Narendra Kusnur's music musings …

Shashank Subramanyam,Flute Artist,in his house,at Mylapore,Chennai,on 4thDec2014.

Shashank Subramanyam in his house,at Mylapore,Chennai

THE audience is dominated by hardcore Carnatic music aficionados. The venue is the prestigious Shanmukhananda Hall in Sion. The date is June 13, and flautist Shashank Subramanyam is ruling the stage.

In his mid-30s, the musician is a picture of immaculate class and perfection. He’s been playing in front of gatherings since the age of six, and at 12, created a still-unbroken record of being the youngest to grace the seniormost slot at the Music Academy, Chennai. Today, he makes the flute sound so effortless, displaying remarkable phrasing and breath control.

He plays non-stop for close to three hours, and the coordination between him and extra-talented violinist Akkarai Subhalakshmi is simply amazing. Mridangam player VV Ramanamurthy and ghatam exponent Tripunithura Radhakrishnan control the rhythm section. All the way, it’s sheer magic.

From the varnam in Kaanada to the Purandara Dasa composition in raga Nata, Thyagharaja creations in ragas Devamruthavarshini and Saramati, and the raagam-taanam-pallavi, Shashank is in total control. He’d have probably gone on playing, if he doesn’t have to catch a flight to Germany later that night.

A few days before his Mumbai concert, Shashank gave this writer an interview. A part of it was published in the June 12 edition of Mid Day, Mumbai, the link to which is pasted below. For all his fans, the following is the complete text of the interview.

What are your observations of the audience for Carnatic music in Mumbai?

Mumbai has a substantial south Indian music loving community that is extremely qualitative. Institutions like Shanmukhananda, Chembur Fine Arts Society and scores of smaller organisations around the city have been promoting Carnatic music concerts and teaching activities during the past 80 years. This gave an opportunity for the non-south Indian audience to also get an exposure to south Indian classical music, with Mumbai becoming a melting pot of south and north Indian music and culture.

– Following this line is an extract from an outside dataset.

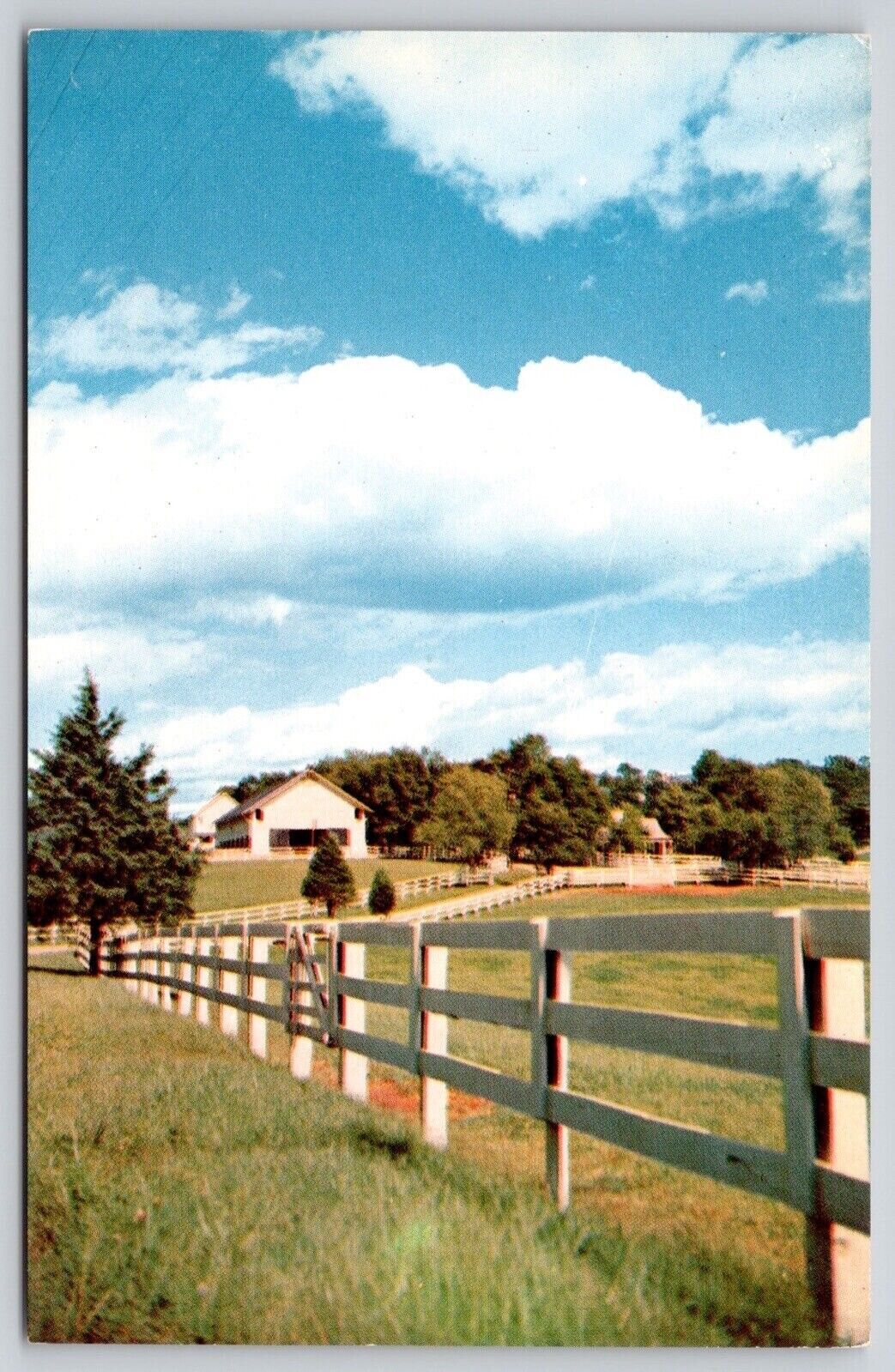 Virginia Piedmont Section Blue Ridge Mountain Foothills Fence Farm VTG Postcard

In recent years, Mumbai has witnessed many north and south jugalbandi concerts attracting different kinds of audiences. Among the organisers promoting such events, there are Banyan Tree, Idea Jalsa, Pancham Nishad and many others. In my own experience, I have committed listeners both from the north and south of India equally. Factually I have performed more for north Indian organisations in the city of Mumbai.

Let’s look at how your career has evolved. You started playing at the age of six and were hailed as a child prodigy. How did the early attention affect you?

Given the short learning time span for a human being, the focus on one thing takes a toll on other aspects of life. In my case, I used to work on music for more than 10 hours a day, even as a five-year-old. Therefore, my academic achievements became a casualty. Looking back I don’t regret this. Honestly, if one wants to super-specialise, the only way is to begin very young and achieve as quickly as possible to stay put in one’s career for a very long time. There are many examples of this kind of career graph from around the world in many fields, including the arts.

What made you choose the flute and who were your biggest influences as a child?

My father Subramanyam was an amateur flautist and I mostly learnt watching him practise at home. At the age of six, when I began performing for the general public, my biggest influences were my father who was my first guru, and my vocal gurus Palghat K V Narayanaswamy and others.

As you grew up, were there any special pressures to keep up with the adulation you received as a child?

Although I began performing when I was six, I got into the big circuit at the age of 12 with a performance at the Music Academy, Chennai in the seniormost slot called the ‘sadas’ during the 1990 music season. Since the expectations were sky high, and also considering the fact that I was relatively young, my father contained and restricted my public performances, thereby making sure that I lived up to the expectations of the audience every time I performed. This also ensured that I could continue to develop and evolve as an artiste.

Who have been your favourite flautists?

From amongst the Indian classical flute players, legends T R Mahalingam from the south and Hariprasad Chaurasia from the north are certainly my favourites although I have followed my own instincts and technique to play the instrument.

Besides pure Carnatic music, you’ve performed at various jazz festivals. What line-up of musicians have accompanied you?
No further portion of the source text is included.